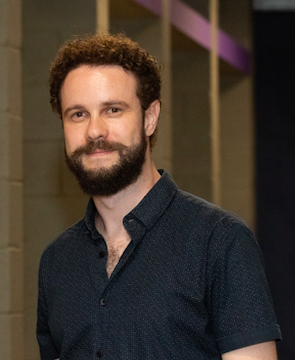 foto do Diogo Carvalho, co-orientador dos alunos participantes e coordenador da pesquisa “Design e Fabricação Digital”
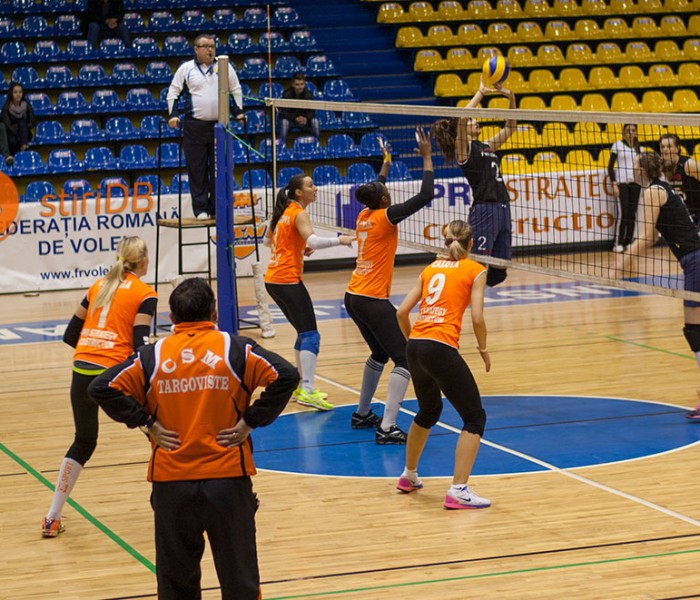 Volei feminin: CS Municipal Târgovişte – Penicilina Iaşi 3 – 0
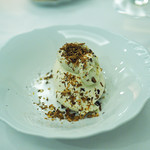 ペレグリーノ - 出来立て練りたてのオーダーごとに作る濃縮ミルクを使ったジェラート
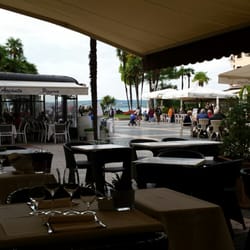 Risorgimento Di Damiani Arnaldo E C. - Ausblick vom Tisch an den Hafen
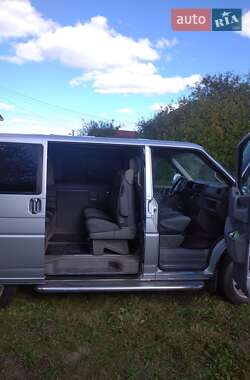 Минивэн Volkswagen Multivan 2002 в Киеве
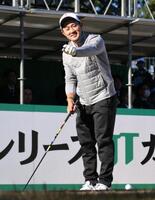 　スタートホールでギャラリーから「結婚おめでとう！」と祝福され笑顔の金谷拓実（撮影・開出牧）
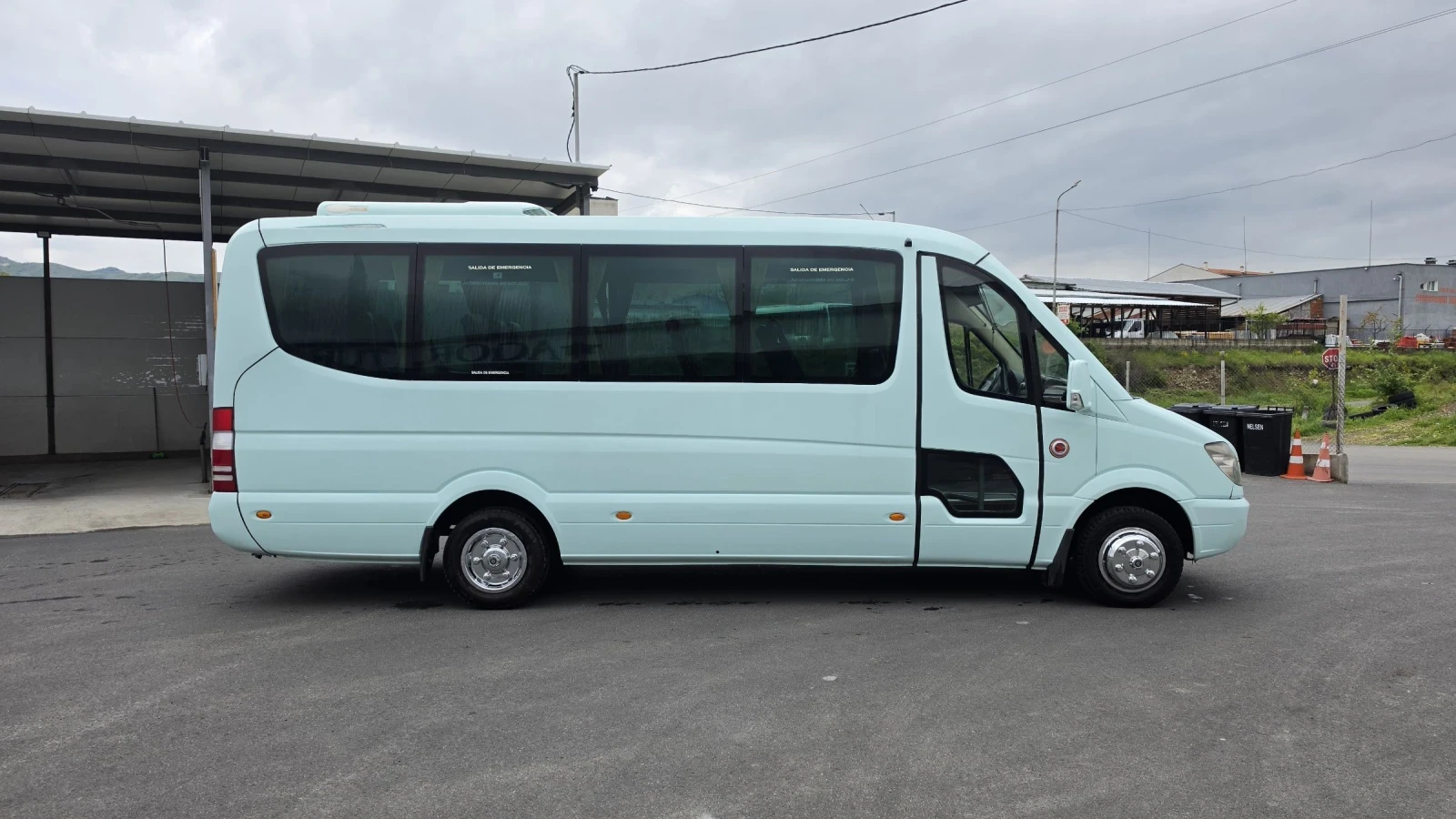 Mercedes-Benz Sprinter 518 Нов внос Стъклопакет 20 местен, снимка 3 - Бусове и автобуси - 54237416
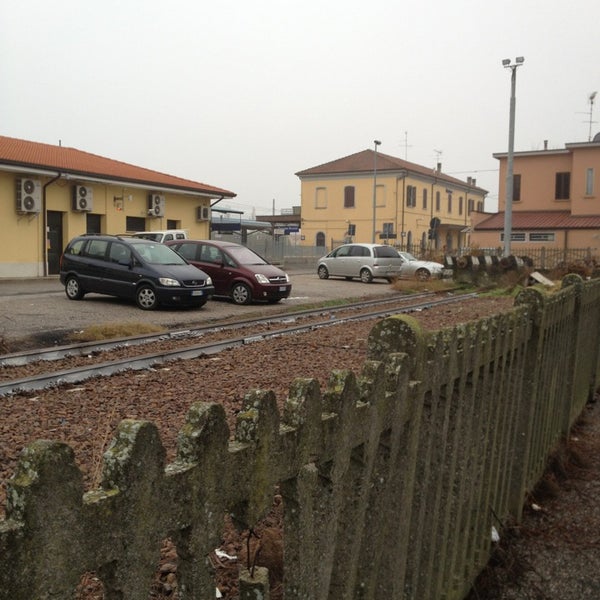 Photo taken at Stazione Poggio Rusco by Fren F. on 12/18/2012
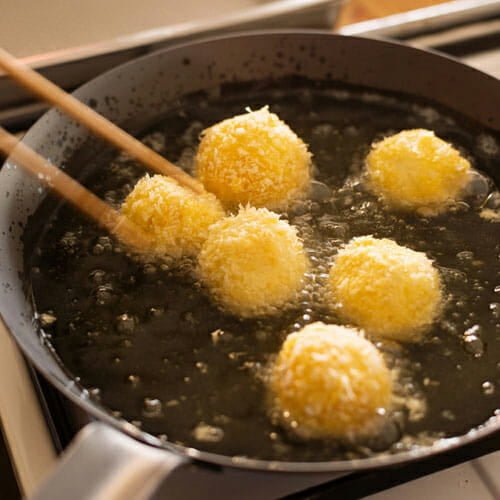 طرز تهیه توپک سیب زمینی طرز تهیه توپک سیب زمینی با سس پیازچه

Your instructions: Pictures must not appear in the copy, and every record must be restated word for word.

Worked solution:
 foto do Diogo Carvalho, co-orientador dos alunos participantes e coordenador da pesquisa “Design e Fabricação Digital”
 Volei feminin: CS Municipal Târgovişte – Penicilina Iaşi 3 – 0
 ペレグリーノ - 出来立て練りたてのオーダーごとに作る濃縮ミルクを使ったジェラート
 Risorgimento Di Damiani Arnaldo E C. - Ausblick vom Tisch an den Hafen
 Минивэн Volkswagen Multivan 2002 в Киеве
 　スタートホールでギャラリーから「結婚おめでとう！」と祝福され笑顔の金谷拓実（撮影・開出牧）
 Mercedes-Benz Sprinter 518 Нов внос Стъклопакет 20 местен, снимка 3 - Бусове и автобуси - 54237416
 Photo taken at Stazione Poggio Rusco by Fren F. on 12/18/2012
 طرز تهیه توپک سیب زمینی طرز تهیه توپک سیب زمینی با سس پیازچه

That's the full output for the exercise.